Work item: Could you retype exactly the lines below between the one holding "A wide-shot of" and the one holding "Front elevation of", inclusive, leaving out any pictures?

______________________________

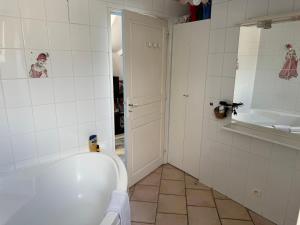 a white bathroom with a tub and a sink at les chambres de la grange in Saint-Germain-de-la-Grange
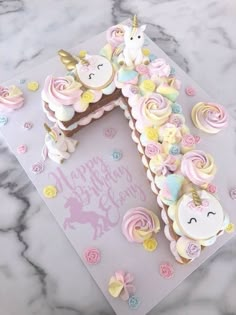 a unicorn themed birthday cake on top of a table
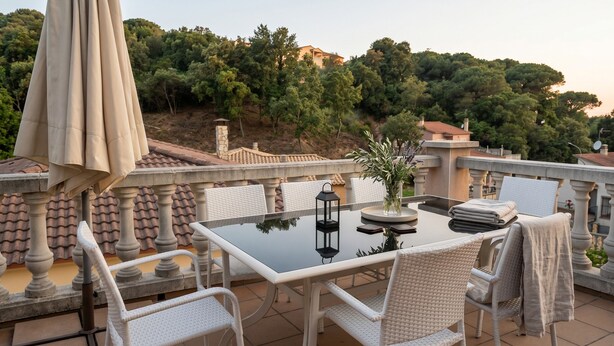 A terrace with a table, chairs, a vase with flowers, and a lantern. - Villa del Lago Lloret - Family Studio | Swimming Pool & Garden (Lloret de Mar)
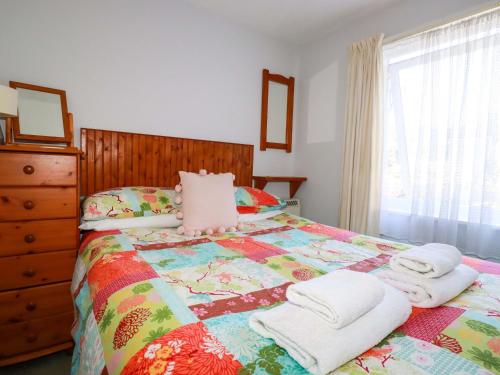 a bedroom with a bed with towels on it at Chyancrowse in Penzance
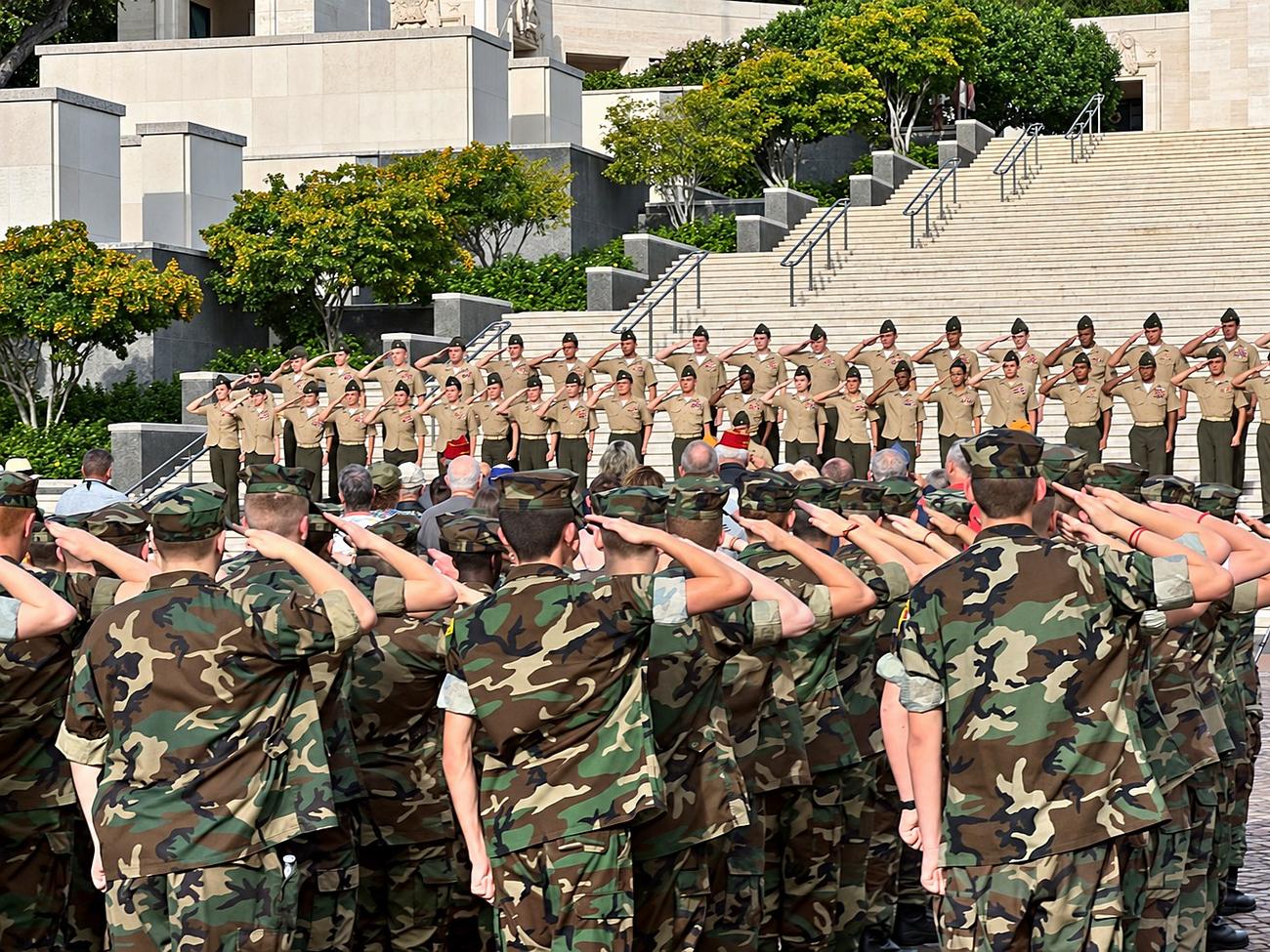 Young Marines saluting during a ceremony on the steps at the National Memorial Cemetery of the Pacific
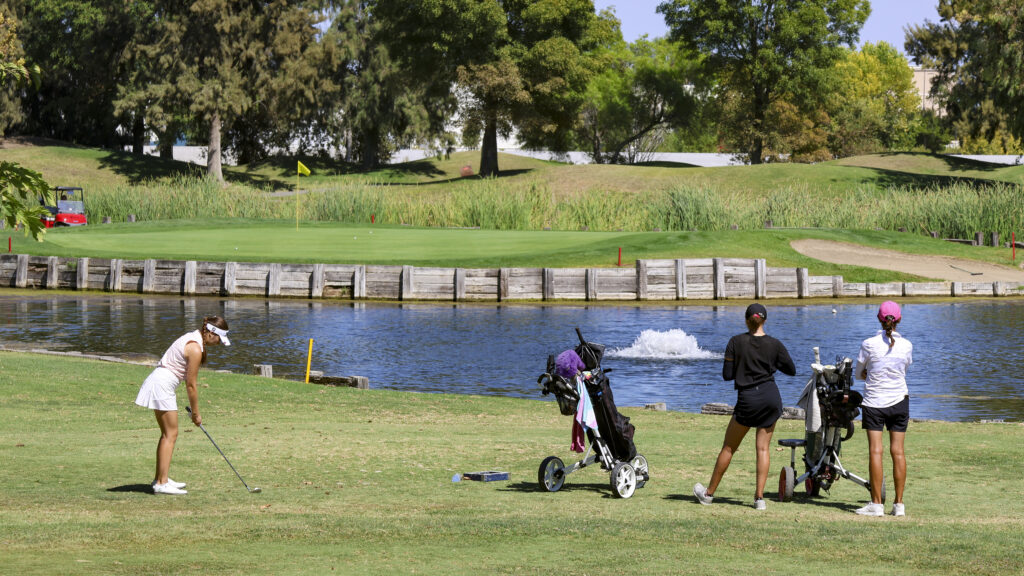 A wide-shot of the 17th tee at Bartley Cavanaugh. Sienna Lyford is preparing to tee off with the 17th green in the distance. Tori James is standing off to the side, watching Sienna.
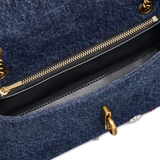 Close up of blue bags, showing texture of the polyester and cotton fabric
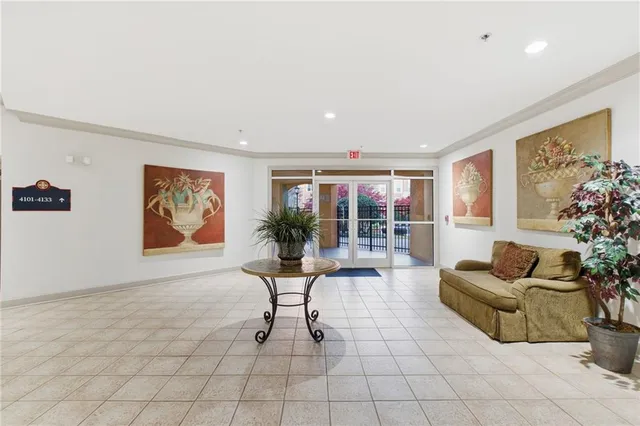 a view of a street with a building in the background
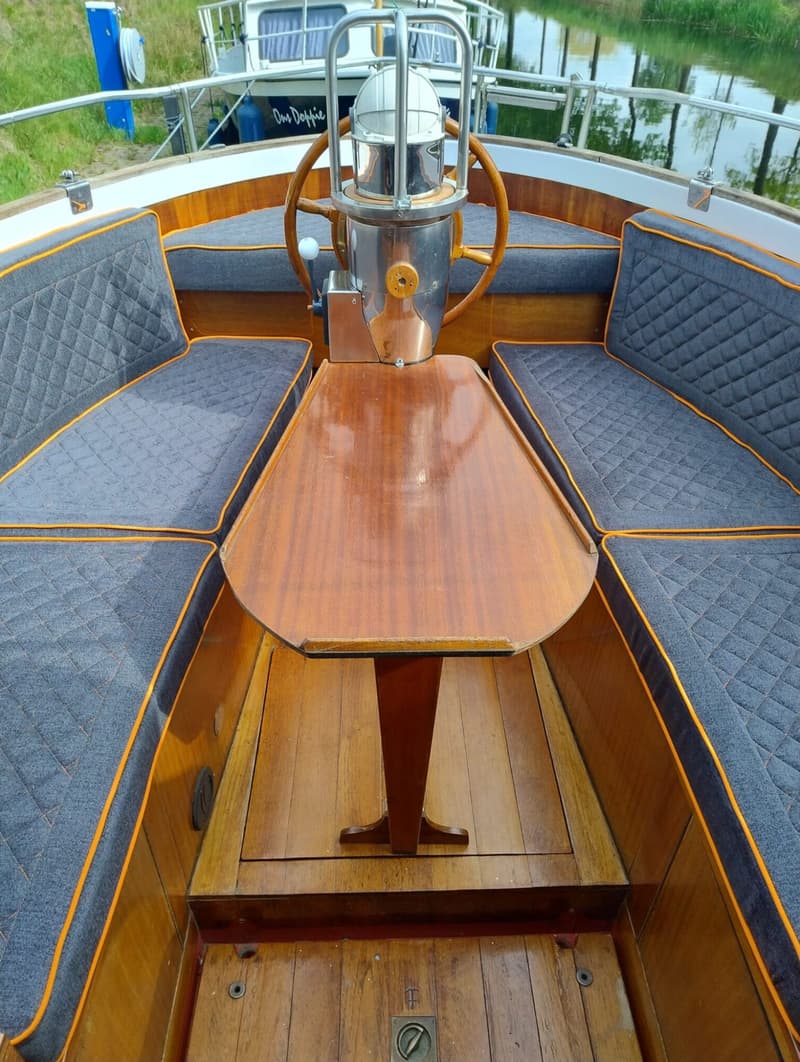 Een houten bootinterieur met een tafel, stuurwiel, kompas en grijze kussens met oranje biezen.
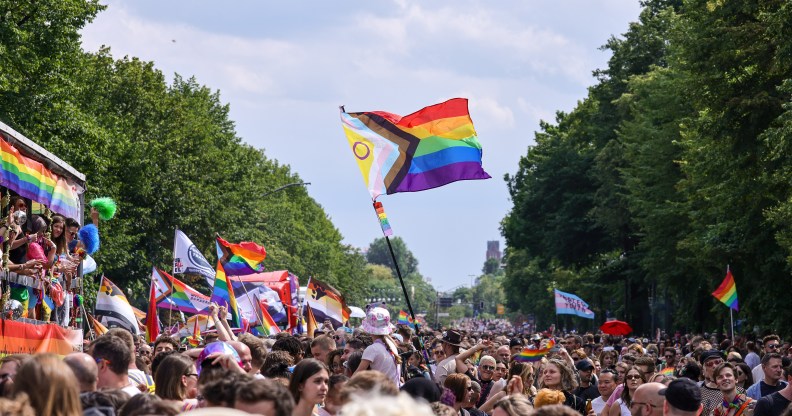 Progress inclusive Pride Flag flying at a parade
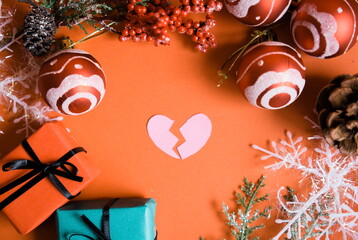 割れたハートとクリスマスの装飾品と赤背景の写真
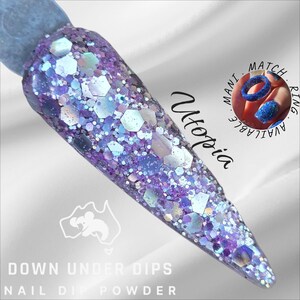 May include: A nail dip powder sample with a glittery, iridescent finish. The sample is a gradient of purple and blue, with large, hexagonal glitter pieces. The text "Utopia" and "Down Under Dips Nail Dip Powder" are visible.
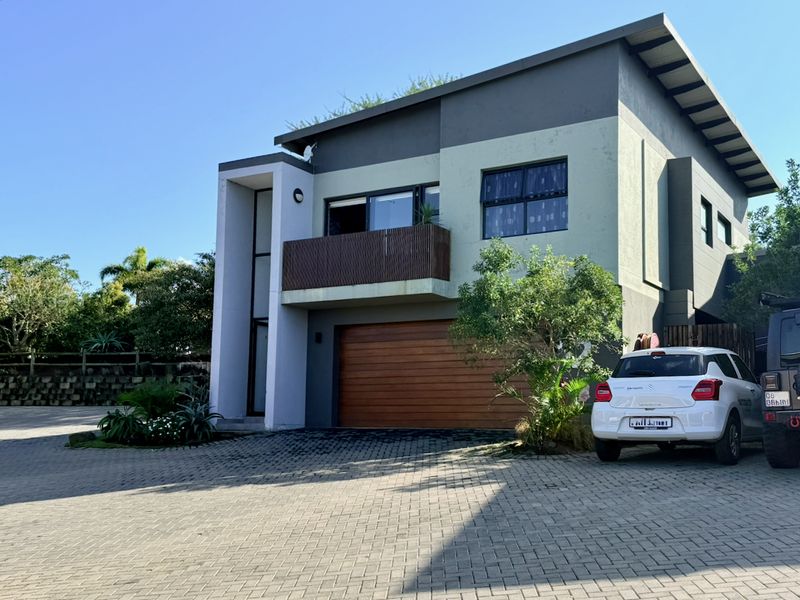 Front elevation of a modern double-storey townhouse featuring a timber garage door, paved driveway, and an upper-level balcony.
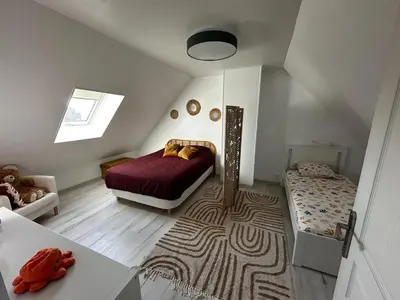Un ou plusieurs lits dans un hébergement de l'établissement Maison au bord du havre et proche mer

______________________________

Task answer:
 A wide-shot of the 17th tee at Bartley Cavanaugh. Sienna Lyford is preparing to tee off with the 17th green in the distance. Tori James is standing off to the side, watching Sienna.
 Close up of blue bags, showing texture of the polyester and cotton fabric
 a view of a street with a building in the background
 Een houten bootinterieur met een tafel, stuurwiel, kompas en grijze kussens met oranje biezen.
 Progress inclusive Pride Flag flying at a parade
 割れたハートとクリスマスの装飾品と赤背景の写真
 May include: A nail dip powder sample with a glittery, iridescent finish. The sample is a gradient of purple and blue, with large, hexagonal glitter pieces. The text "Utopia" and "Down Under Dips Nail Dip Powder" are visible.
 Front elevation of a modern double-storey townhouse featuring a timber garage door, paved driveway, and an upper-level balcony.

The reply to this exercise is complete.